- [Activity]: The exercise calls for exact output of the lines between the one that contains "Viktorianischer Brieföffner aus" and the end of the data, with both ends kept and pictures left out.

- [Source material]:
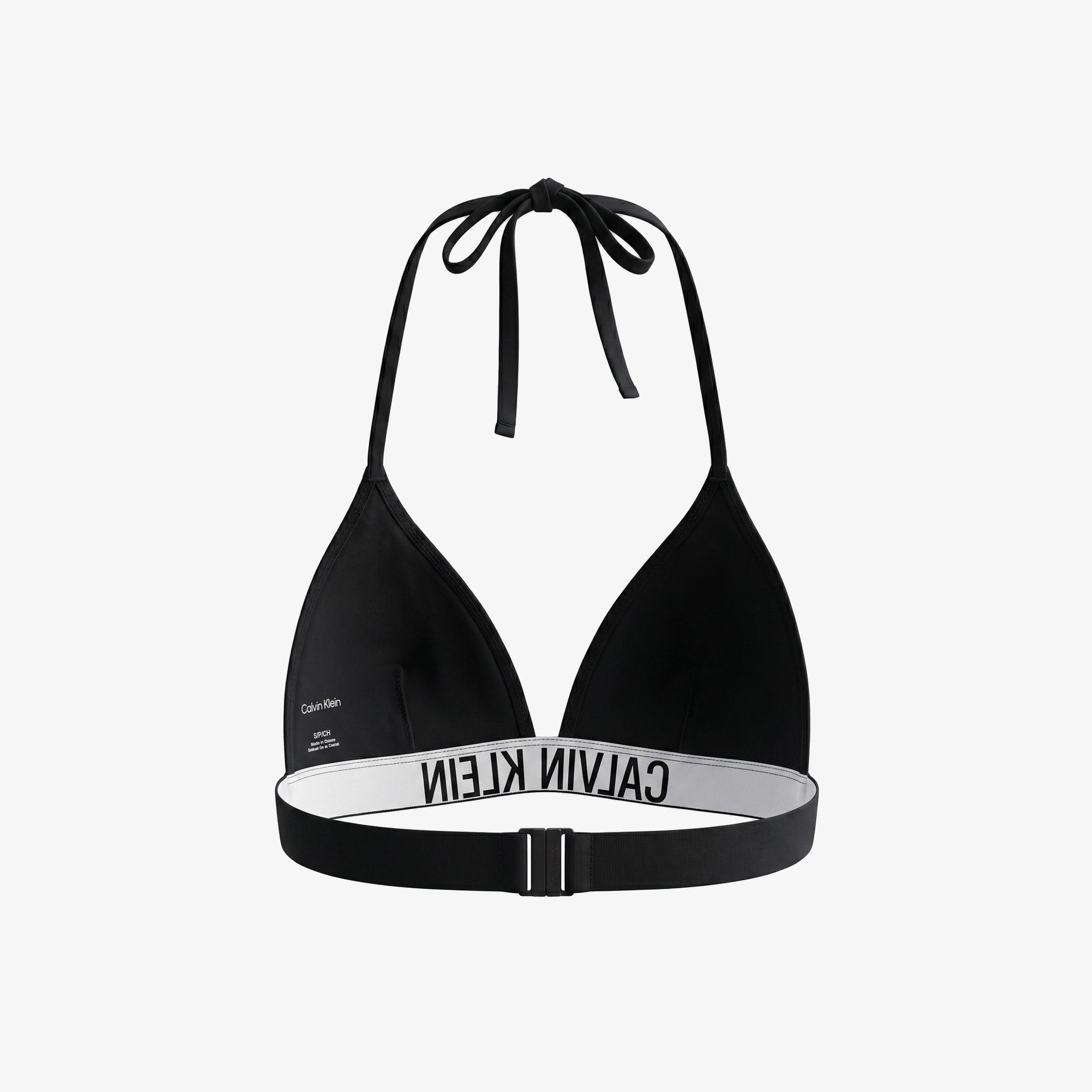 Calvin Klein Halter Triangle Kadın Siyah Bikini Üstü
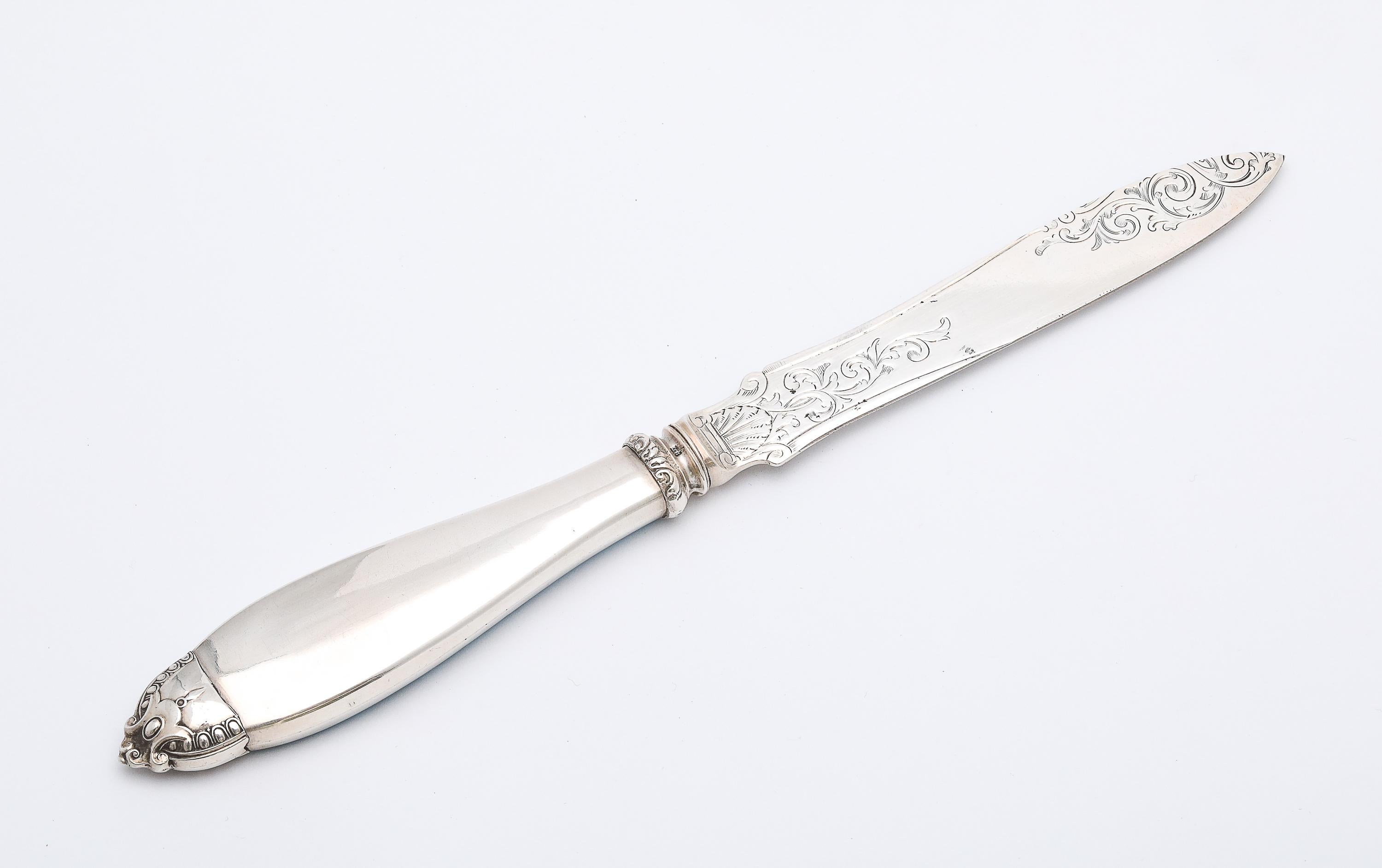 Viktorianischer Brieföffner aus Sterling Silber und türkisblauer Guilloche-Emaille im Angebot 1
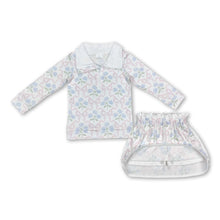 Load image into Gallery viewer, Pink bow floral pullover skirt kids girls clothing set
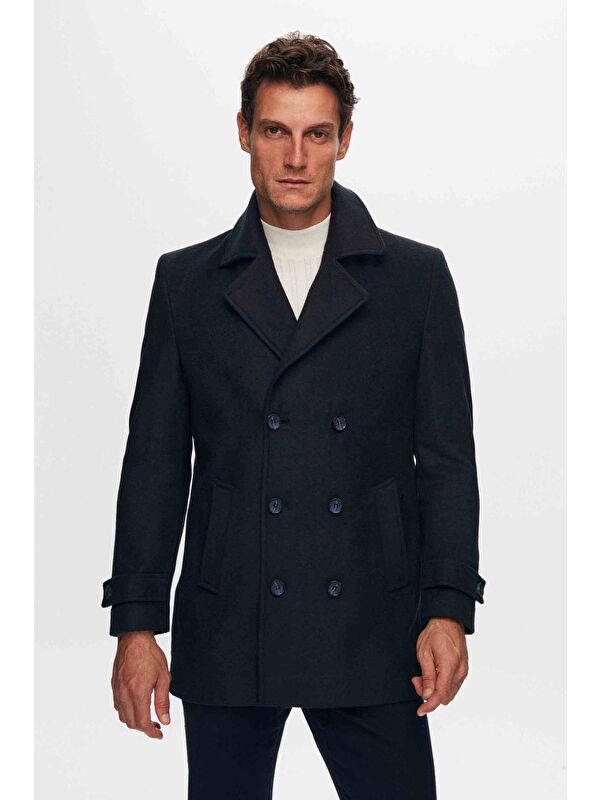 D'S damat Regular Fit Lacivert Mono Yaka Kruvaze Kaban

- [Result of this task]:
 Viktorianischer Brieföffner aus Sterling Silber und türkisblauer Guilloche-Emaille im Angebot 1
 Load image into Gallery viewer, Pink bow floral pullover skirt kids girls clothing set
 D'S damat Regular Fit Lacivert Mono Yaka Kruvaze Kaban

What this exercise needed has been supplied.